Consider what happens when you first apply a voltage to the end of a long cable. The cable has some capacitance, so it will draw some current. If that were all there was to it, you get a big current spike, then nothing.

However, it also has some series inductance. You can approximate it with a little series inductance, followed by a little capacitance to ground, followed by another series inductance, etc. Each one of these inductors and capacitors models a little length of the cable. If you make that length smaller, the inductance and the capacitance goes down and there are more of them in the same length. However, the ratio of the inductance to the capacitance stays the same.

Now imagine your initial applied voltage propagating down the cable. Each step of the way, it charges up a little capacitance. But, this charging up is slowed down by the inductances. The net result is that the voltage you applied to the end of the cable propagates slower than the speed of light, and it charges the capacitance along the length of the cable in a way to require a constant current. If you had applied twice the voltage, the capacitors would get charged to twice that voltage, therefore would require twice the charge, which would take twice the current to supply. What you have is the current that the cable draws being proportional to the voltage you applied. Gee, that's what a resistor does.

Therefore, while the signal is propagating down the cable, the cable looks resistive to the source. This resistance is only a function of the parallel capacitance and series inductance of the cable, and has nothing to do with what it connected to the other end. This is the characteristic impedance of the cable.

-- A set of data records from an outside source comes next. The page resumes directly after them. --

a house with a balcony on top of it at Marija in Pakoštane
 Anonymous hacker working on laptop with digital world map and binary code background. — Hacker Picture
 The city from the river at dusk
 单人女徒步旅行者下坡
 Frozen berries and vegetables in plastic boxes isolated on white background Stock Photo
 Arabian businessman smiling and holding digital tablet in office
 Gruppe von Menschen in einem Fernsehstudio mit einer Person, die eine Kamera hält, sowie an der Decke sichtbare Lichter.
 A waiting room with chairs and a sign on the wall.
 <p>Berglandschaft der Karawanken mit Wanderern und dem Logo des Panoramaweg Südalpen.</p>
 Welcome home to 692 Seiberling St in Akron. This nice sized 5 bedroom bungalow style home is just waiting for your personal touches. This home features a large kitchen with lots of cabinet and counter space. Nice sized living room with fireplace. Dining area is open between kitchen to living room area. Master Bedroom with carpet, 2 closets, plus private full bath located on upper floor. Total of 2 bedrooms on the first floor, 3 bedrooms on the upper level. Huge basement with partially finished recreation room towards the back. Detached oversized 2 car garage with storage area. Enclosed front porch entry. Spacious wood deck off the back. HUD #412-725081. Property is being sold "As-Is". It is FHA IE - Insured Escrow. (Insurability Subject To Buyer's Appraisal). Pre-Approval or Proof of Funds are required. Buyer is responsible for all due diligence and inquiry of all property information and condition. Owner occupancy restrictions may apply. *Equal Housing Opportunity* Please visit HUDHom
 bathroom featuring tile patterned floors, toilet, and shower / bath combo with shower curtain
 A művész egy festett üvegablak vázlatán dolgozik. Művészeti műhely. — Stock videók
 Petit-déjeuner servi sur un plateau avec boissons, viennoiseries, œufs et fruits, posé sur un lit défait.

If you have a coil of cable on your bench that is short enough so that you can ignore the DC resistance of the conductors, then this all works as described until the signal propagates to the end of the cable and back. Until then, it looks like a infinite cable to whatever is driving it. In fact, it looks like a resistor at the characteristic impedance. If the cable is short enough and you short the end, for example, then eventually your signal source will see the short. But, at least for the time it takes the signal to propagate to the end of the cable and back, it will look like the characteristic impedance.

Now imagine that I put a resistor of the characteristic impedance accross the other end of the cable. Now the input end of the cable will look like a resistor forever. This is called terminating the cable, and has the nice property of making the impedance be consistant over time and preventing the signal from reflecting when it gets to the end of the cable. After all, to the end of the cable another length of cable would look the same as a resistor at the characteristic impedance.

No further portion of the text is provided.